Order reversed and a new trial ordered.

. A DNA analysis sometimes contains information, described as peaks and not actually part of the sample, that is essentially a by-product of the sensitive DNA testing process. This information is edited out of the DNA analysis automatically by the testing software or by an analyst after the program is complete. If an analyst removes the information, a second analyst reviews the decision to confirm that the action was appropriate.

. The laboratory file admitted into evidence in Brown contained 72 pages, of which 29 pages related to the process performed at Bode (see Brown, 13 NY3d at 338 n 2).

. To the extent the material at issue documents the match between the DNA profile developed from the buccal swab and that developed from the gun swabs, introduction of those reports was harmless as Huyck, who performed that comparison and is listed on those documents, testified in court (see Rawlins, 10 NY3d at 160 [the People relied on court witness to prove the DNA match making admission of notification of match as a business record harmless beyond a reasonable doubt]; see also id. at 157 [admission of testimonial fingerprint comparison report harmless in that testifying expert reached the same conclusion after comparing the latent prints]).

. There is some ambiguity as to what is meant by “defendant’s DNA profile,” but it appears intended to be both the profile from the buccal swab and the one generated from the gun swabs.

. It is unclear whether an autopsy report such as that admitted in Freycinet would now pass constitutional muster given that a medical examiner’s office will perform the procedure and a murder suspect may have been identified.
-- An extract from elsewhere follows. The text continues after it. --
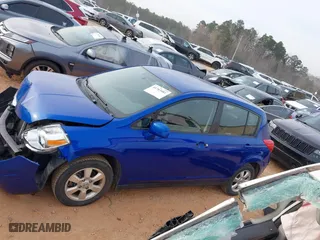 2012 Nissan Versa S with VIN 3N1BC1CP0CK239739, listed as a IAAI auction lot 41763481 with 146,605 mi miles. Bid and sale history available at carsss.com. Image 14.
The majority attempts to cast this concern as “misplaced,” stating: “We are not retreating from our prior decisions holding that, given the primary purpose of a medical examiner in conducting autopsies, such redacted reports — ‘a contemporaneous, objective account of observable facts that [do] not link the commission of the crime to a particular person’ — are not testimonial” (majority op at 315, quoting Pealer, 20 NY3d at 454). This appears but one more attempt to find an arbitrary stopping place for that retreat and, as with other attempts to do so, cannot be squared with the constitutional analysis of the majority opinion or the language of our case law (see Freycinet, 11 NY3d at 42 [“a report of a doctor’s findings at an *335autopsy may reflect more exercise of judgment than the report of a DNA technician”]).